The WA Court of Appeal has provided perhaps the clearest warning yet that orders for compulsory examination under the Proceeds of Crime Act 2002 (Cth) should not ordinarily be made without notice to the proposed examinee.
In a unanimous decision just published, Ng v Cmnr AFP [2022] WASCA 48, the Court of Appeal held that two examination orders made without notice to the examinees should be set aside.
The Court’s concern was with the way the application of the orders was dealt with, not the making of the orders themselves.

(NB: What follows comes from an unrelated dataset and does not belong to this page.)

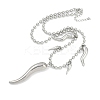 Rack Plating Brass Italian Horn Cornicello Bib Necklacess NJEW-P317-06P-2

After hearing from the examinees, the Court decided that examination orders were appropriate. But as a mark of its disapproval of the process, the Court quashed the examination order made by the judge at first instance and then remade examination orders in the same terms.
Background
In what was in many respects a very common application, the Commissioner of the Australian Federal Police (AFP) applied ex parte (without notice) to the Supreme Court for orders for the restraint of property and the compulsory examination of the owners of that property. The Court made both the restraining order and the examination orders before the property owners were aware of the proceedings.
The Court of Appeal’s approach
The Court of Appeal held in an orthodox fashion at [130] that the risk of dissipation of assets is justification for making restraining orders without notice:
It is fundamental to a court's exercise of its judicial power that a party whose rights or interests will be affected by an order of the court is entitled to be heard. … Ordinarily, a court should only exercise the power to proceed without notice in exceptional or special cases; for example, where there is some extraordinary hazard or compelling urgency. A risk that property may be dissipated so as to frustrate the objects of the law will usually be an exceptional or special case. (emphasis added)

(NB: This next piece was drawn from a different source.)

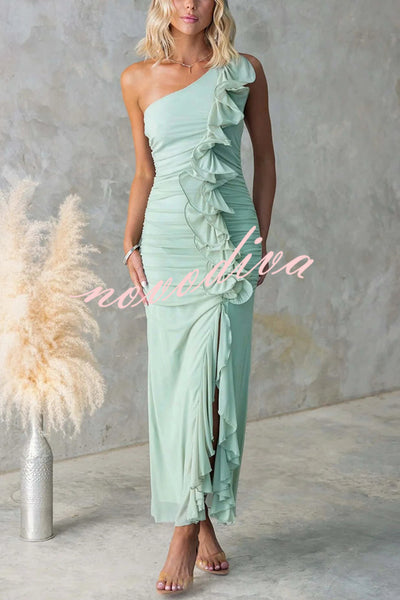 Fashion One-shoulder Pleated Sexy High Slit Slim Dress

The Court held that logic does not justify the making of examination orders ex parte. Even though the cases and s182(2) contemplate the possibility of an application for an examination order being made without notice to the examinee, the Court reasoned at [135]:
A court’s power under s 180(1) to make an examination order is discretionary in character. The making of an examination order, pursuant to an application made under s 182(1), does not follow as of course if a restraining order has been made and is in force.

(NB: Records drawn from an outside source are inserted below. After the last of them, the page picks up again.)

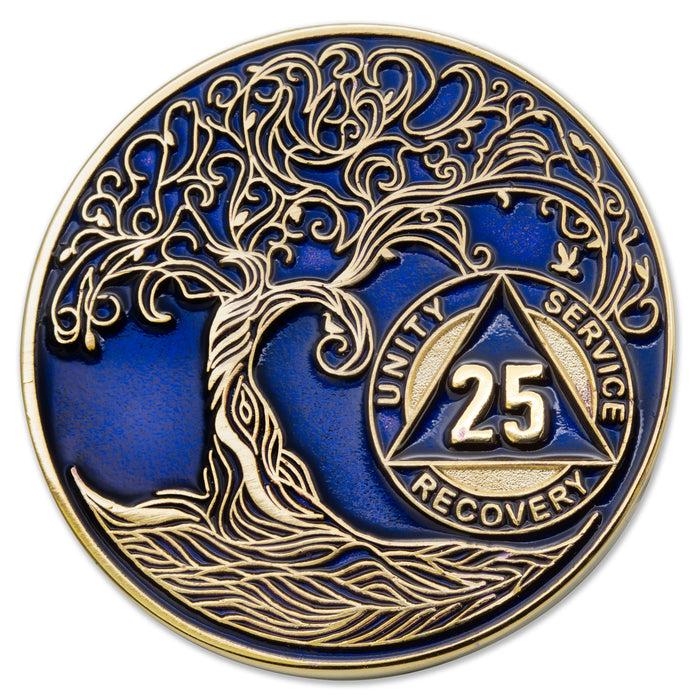25 Year Sobriety Mint Twisted Tree of Life Gold Plated AA Recovery Medallion - Twenty Five Year Chip/Coin - Blue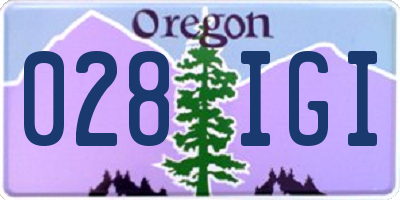 OR license plate 028IGI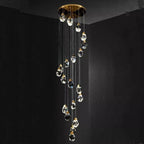 Angelia Faceted Crystal Prisms Chandeliers For Staircase - kimoylights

There was criticism made of the primary judge’s lack of adequate reasons for proceeding to deal with the examination application ex parte. The strongest words from the Court of Appeal were in these terms:
[142] In any event, on the evidence before the Primary Judge, there was no justification for making the examination orders on an ex parte basis and, consequently, satisfactory (as distinct from adequate) reasons for making those orders on that basis could not be given.
[143] The examination orders should not have been made until the appellants and Mr Mehmood had been served with the restraining orders and had been given an opportunity to be heard on the respondent’s application for those orders, further or alternatively, an opportunity to make an application under s 42 to revoke the restraining orders.
[144] The examination orders made by his Honour in relation to the appellants should be set aside. …
What does it mean for future cases
I view Ng v Commissioner of the AFP as further confirmation that the proper course for law enforcement to follow will usually be:
- Apply for restraining (freezing) orders ex parte;
- If the restraining (freezing) order is made, serve that order on the property owner;
- File and serve an application for examination orders; and
- Have that application heard on notice to the proposed examinee.
A succinct explanation of why this is the proper course is found in Commissioner of the AFP v Steffan Treptower (a pseudonym) [2018] NSWSC 677 and the cases discussed in that decision. See also more generally Onley v Commissioner of the AFP [2019] NSWCA 101, [310].
I suggest this reasoning applies with equal force to examination under other confiscation and proceeds of crime statutes such as the Criminal Property Confiscation Act 2000 (WA).
If, despite these warnings, authorities seek ex parte examination orders from the Court they should adduce evidence to justify the ‘extraordinary hazard or compelling urgency’ that would justify the making of an examination order ex parte. I would respectfully suggest it is hard to conceive that ‘urgency’ would be a proper basis for an ex parte examination application. An examinee needs to be told of the examination and be given time to attend. Ordinarily one would expect that there would be time to allow the examinee to also attend (even on short notice) before a Judge before the examination order is made.